Source data =
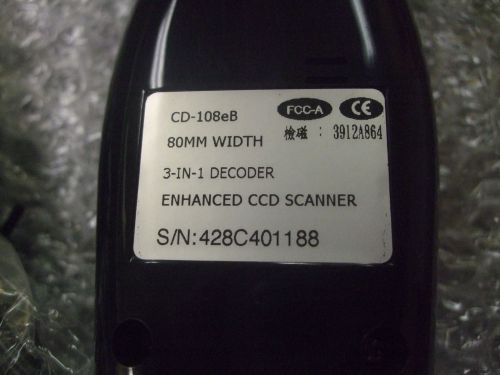 NEW CD-108eB USB Enhanced BarCode Scanner Reader 80mm Black w/ Manual   4S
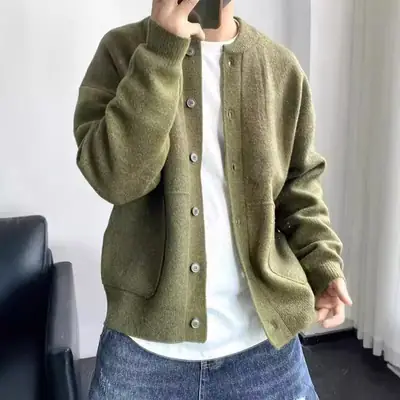 Olive Green Knitted Men's Cardigan Jacket Loose Fit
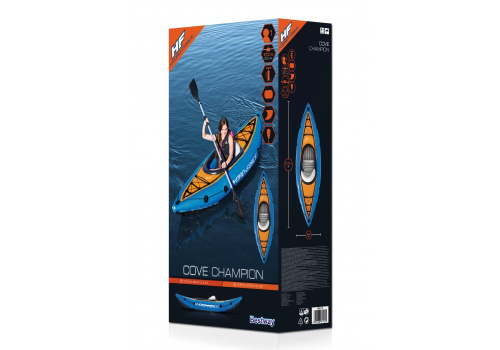 Каяк надувний одномісний (байдарка) Bestway 65115 Cove Champion (81*275 см. навантаження до 100 кг., весло, ручний насос, синій) фото 7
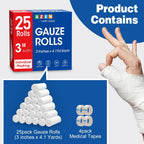 AZEN 25 Pack Gauze Rolls Bandages, 3 in x 4.1 Yards, Premium Medical Supplies & First Aid Supplies, Bandage Wrap Vet Wrap, Mummy Wraps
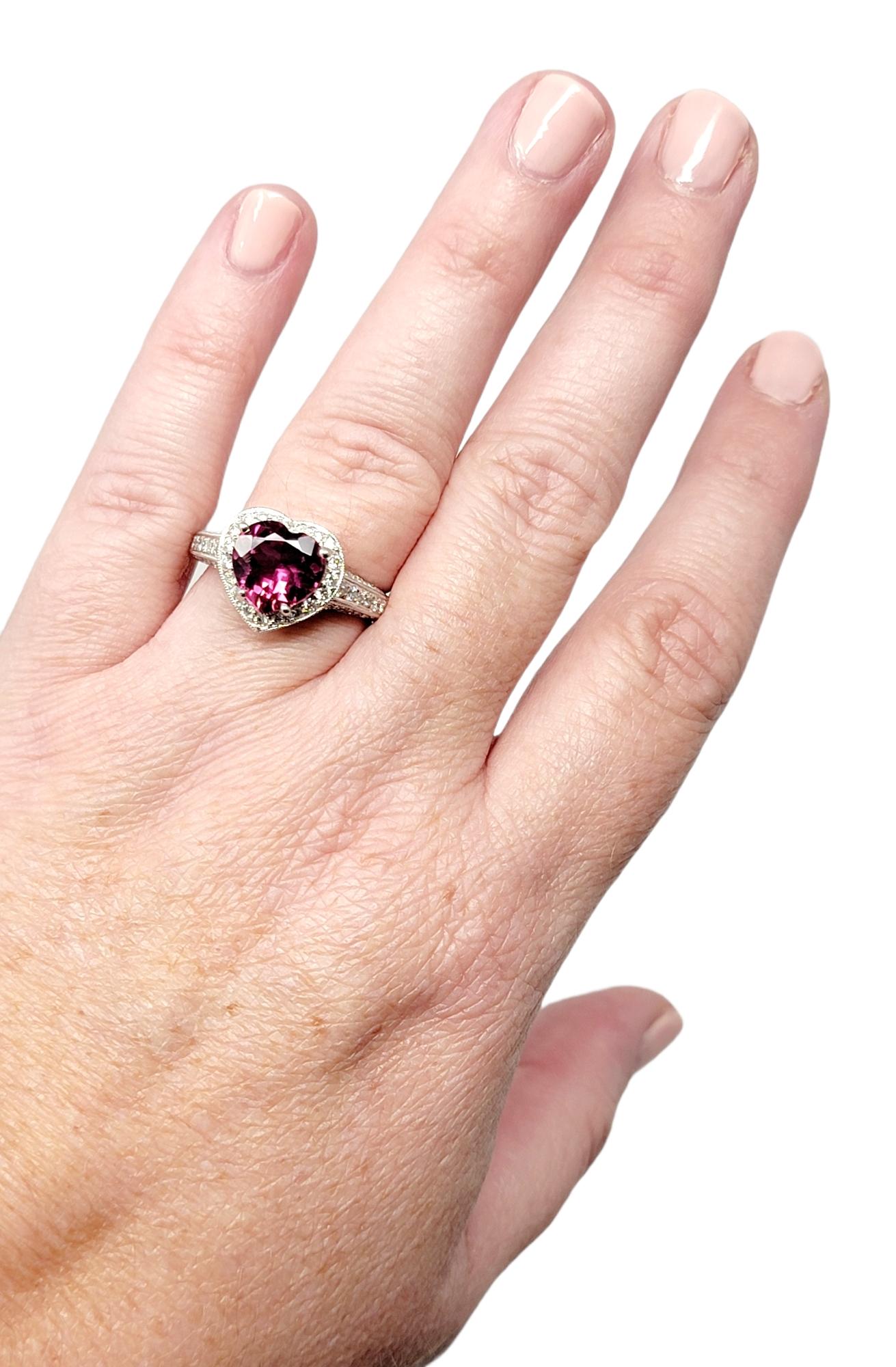 Heart Cut Pink Tourmaline and Diamond Halo Band Ring in 18 Karat White Gold For Sale 2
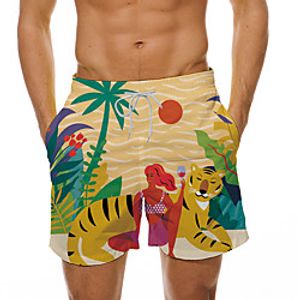 Men's Casual Designer Quick Dry Breathable Beach Swimming Pool Shorts Bermuda shorts Board Shorts Pants Tiger Coconut Tree Animal Short 3D Print Drawstring Elastic Waist Yellow  Summer Lightinthebox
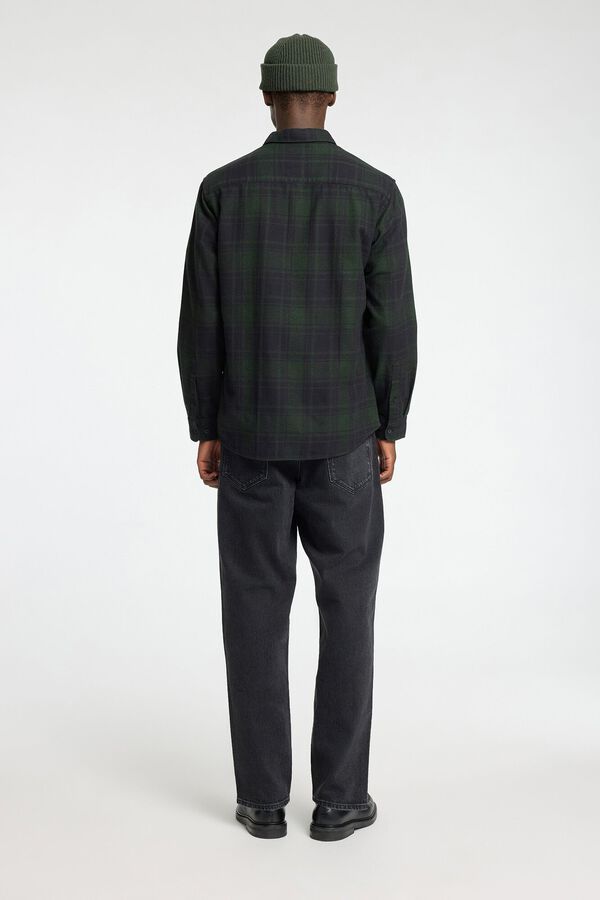 Selected Camisa de manga larga Slim Fit confeccionada con algod&oacute;n reciclado. Verde oscuro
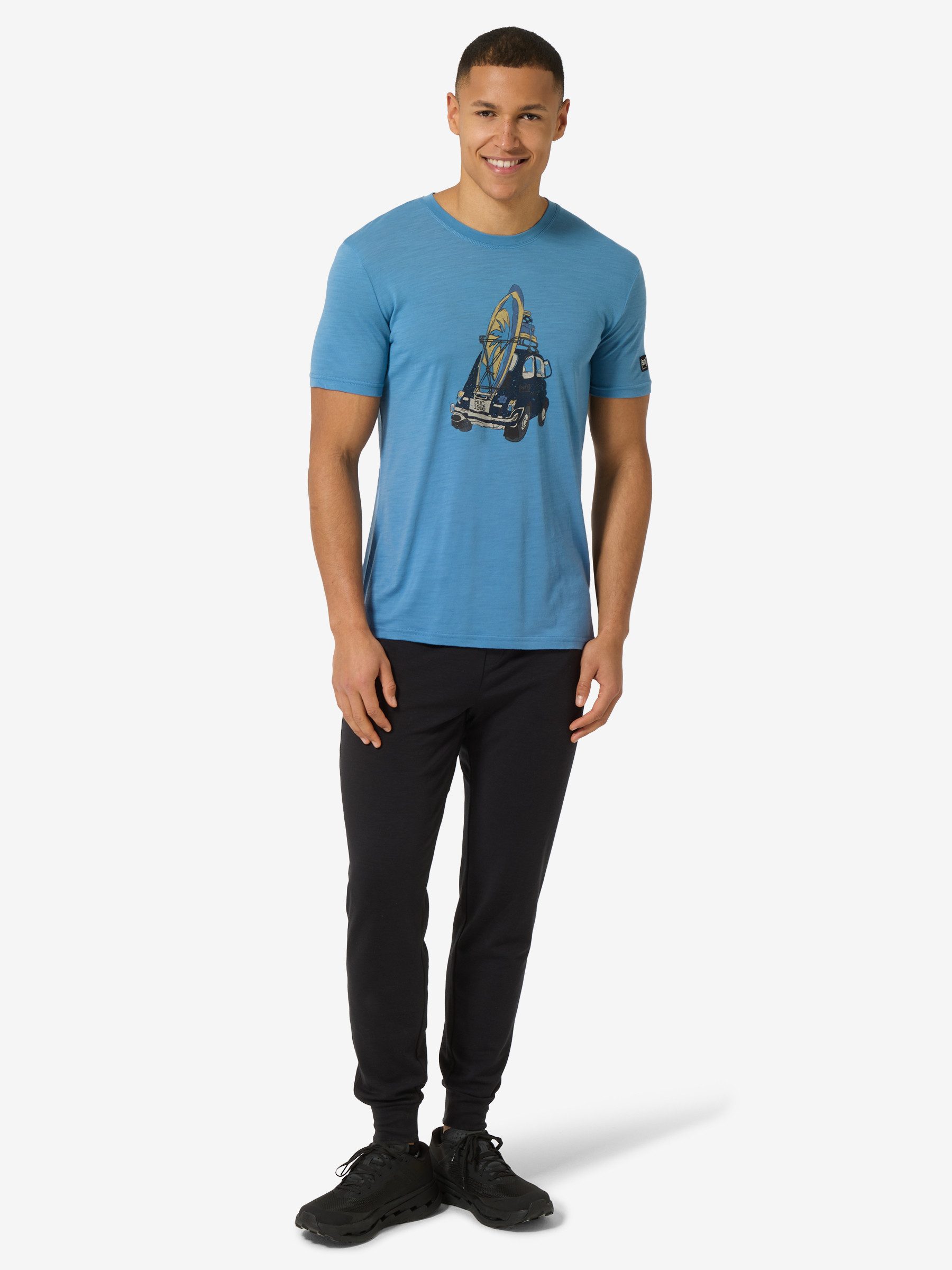 SUPER.NATURAL T-Shirt für Herren,Merino M CAR SURF TEE mit Sommer-Motiv, atmungsaktiv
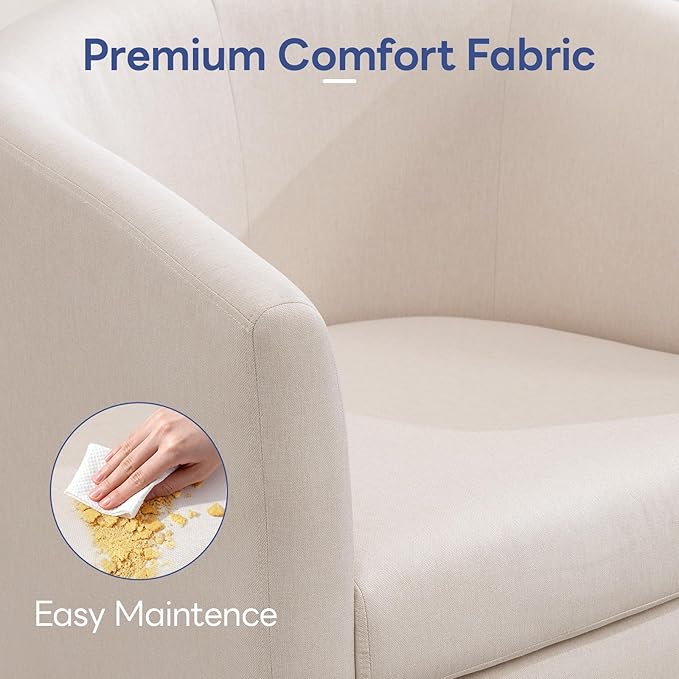 Accent Barrel Chairs Set of 2, Modern Comfy Living Room Chairs with Armrest Small Reading Chair with Cozy Soft Padded for Bedroom Reception Room Cafe,White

What is required = Excluding the images, copy all of the material above verbatim.

Response to the task =
 NEW CD-108eB USB Enhanced BarCode Scanner Reader 80mm Black w/ Manual   4S
 Olive Green Knitted Men's Cardigan Jacket Loose Fit
 Каяк надувний одномісний (байдарка) Bestway 65115 Cove Champion (81*275 см. навантаження до 100 кг., весло, ручний насос, синій) фото 7
 AZEN 25 Pack Gauze Rolls Bandages, 3 in x 4.1 Yards, Premium Medical Supplies & First Aid Supplies, Bandage Wrap Vet Wrap, Mummy Wraps
 Heart Cut Pink Tourmaline and Diamond Halo Band Ring in 18 Karat White Gold For Sale 2
 Men's Casual Designer Quick Dry Breathable Beach Swimming Pool Shorts Bermuda shorts Board Shorts Pants Tiger Coconut Tree Animal Short 3D Print Drawstring Elastic Waist Yellow  Summer Lightinthebox
 Selected Camisa de manga larga Slim Fit confeccionada con algod&oacute;n reciclado. Verde oscuro
 SUPER.NATURAL T-Shirt für Herren,Merino M CAR SURF TEE mit Sommer-Motiv, atmungsaktiv
 Accent Barrel Chairs Set of 2, Modern Comfy Living Room Chairs with Armrest Small Reading Chair with Cozy Soft Padded for Bedroom Reception Room Cafe,White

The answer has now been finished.